Il trionfo dello storytelling
Dalla malattia fisica di Chris Bianco, alla salute mentale di Gabriele Bonci, ai pregiudizi razziali di Ann Kim, i dissidi con i fratelli di Franco Pepe, lo scontro con la cultura di nascita di Yoshihiro Imai e la ricerca di una propria affermazione per Sarah Minnick, Chef’s Table è il trionfo dello storytelling. E non stiamo dicendo che è un male perché con questa operazione la serie di David Gelb ha la capacità di parlare a un ampio pubblico che non è preparato o interessato ad approfondire noiosi tecnicismi sul mondo della lievitazione, sfuggendo alla limitante definizione di programma di cucina. Per familiarizzare con la pizza bastano pochi elementi di contesto, immagini di grande impatto e interventi di giornalisti e familiari che incorniciano le storie e ne spiegano i passaggi fuori schermo. Il focus sul fattore umano apre le porte a una narrazione fatta di empatia, di sofferenze, di cadute, di cambi di programma, di rinascite in cui l’unico elemento narrativo veramente problematico è l’appiattimento. Mentre gli episodi scivolano via è sorprendente notare, nonostante le specificità, quanti elementi in comune abbiano i protagonisti da un lato all’altro del mondo, quanto le loro storie siano simili. Ogni puntata sembra infatti rispondere a un unico plot in cui si alternano crescita, caduta e risurrezione in un percorso di formazione che prende spunto da generi letterari consolidati come l’epica e la favola. Ma dialoga anche apertamente con il mito tutto americano del self made man e della self made woman. C’è una frase di Pepe molto indicativa in questo senso: “Solo con il successo, io potevo riscattarmi” dice.

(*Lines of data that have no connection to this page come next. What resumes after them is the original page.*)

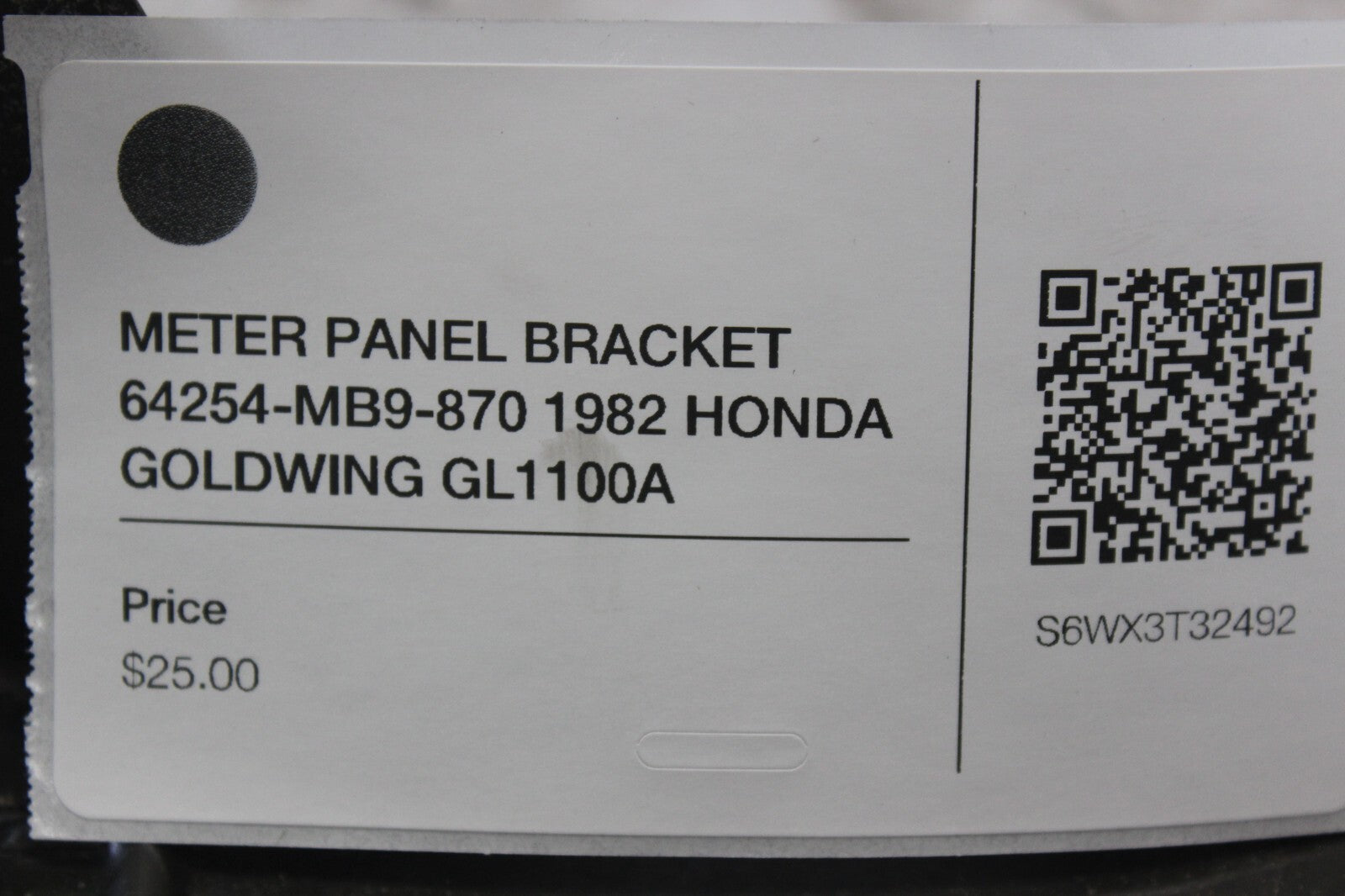 METER PANEL BRACKET 64254-MB9-870 1982 HONDA GOLDWING GL1100A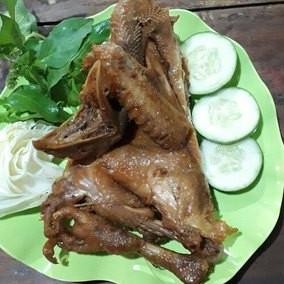 

AYAM BACEM MBOK SABAR SETENGAH EKOR + KEPALA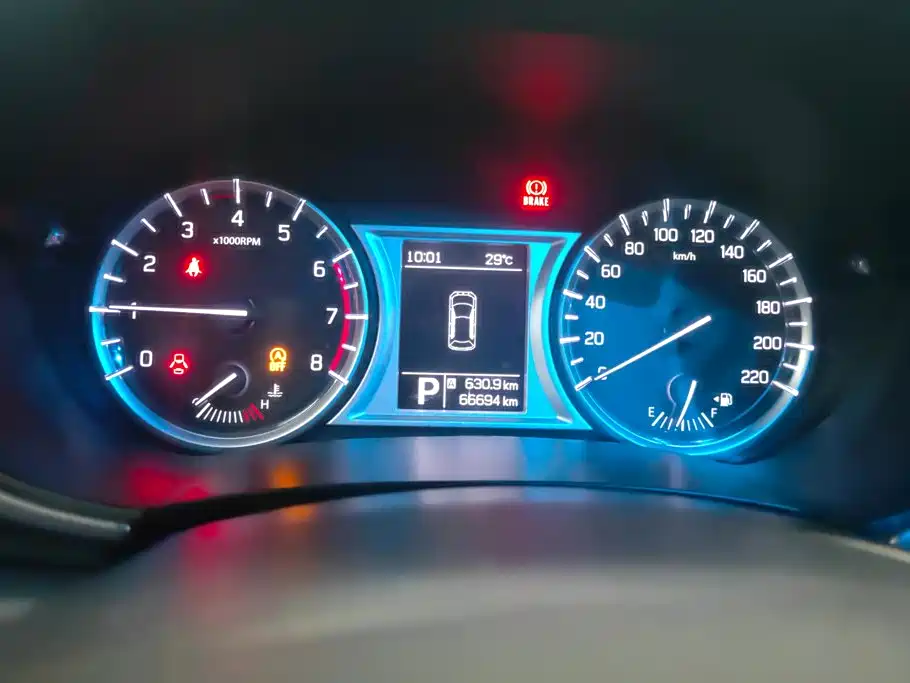 Suzuki Vitara — миниатюра 14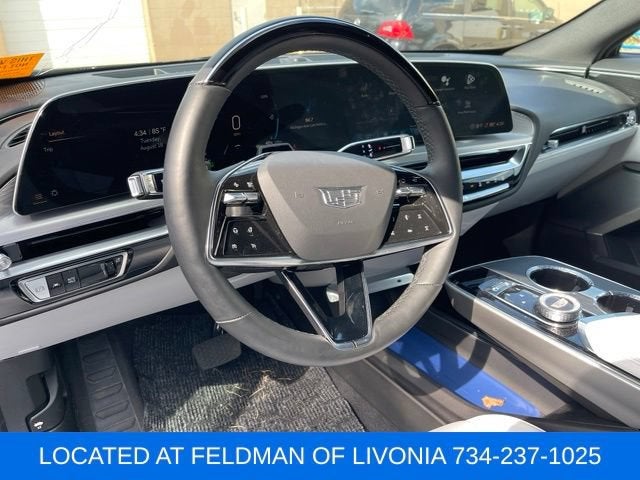 2024 Cadillac LYRIQ Luxury 2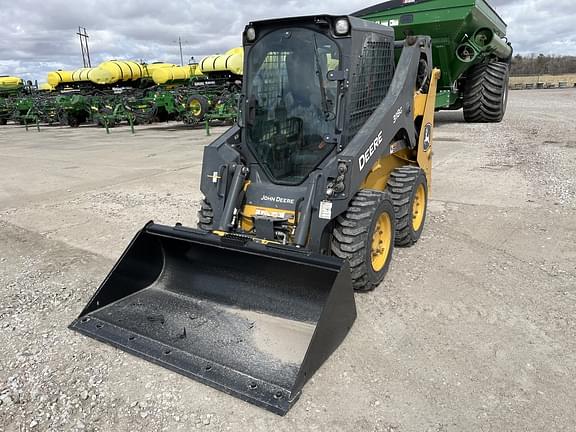 Image of John Deere 318G equipment image 1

È una dinamica ben presente in tutte le serie di Chef’s Table che qui ha trovato particolare fortuna.
Per chi pensa a Napoli
Questo risponde anche alla domanda di chi si chiede almeno in Italia perché Franco Pepe e Gabriele Bonci e non qualcun altro, perché l’ingombrante presenza di Napoli sia stata risolta con un giro di battute e una manciata di secondi: perché qui c’erano due storie che avevano l’urgenza di essere raccontate e che il pubblico di Chef’s Table poteva capire e amare, non solo due pizzaioli che hanno acquisito fama internazionale nel proprio mestiere. In questo senso la puntata dedicata a Gabriele Bonci è un piccolo capolavoro, sebbene non privo di distorsioni, perché ha lavorato sul filo del rasoio per costruire un difficile equilibrio tra il detto e il non detto, raccontando una complessità umana disarmante con un linguaggio accessibile, in qualche frangente disturbante, le ombre e le luci del personaggio e della persona in modo che potessero essere decifrate anche da chi ha solamente il ricordo del personaggio televisivo. Specialmente con Bonci si è rinunciato a una narrazione troppo anestetizzata, anche se teatrale come del resto teatrale è l’uomo, per lasciare un finale aperto che restituisce una visione autentica, nei limiti del consentito per un programma TV made in United States.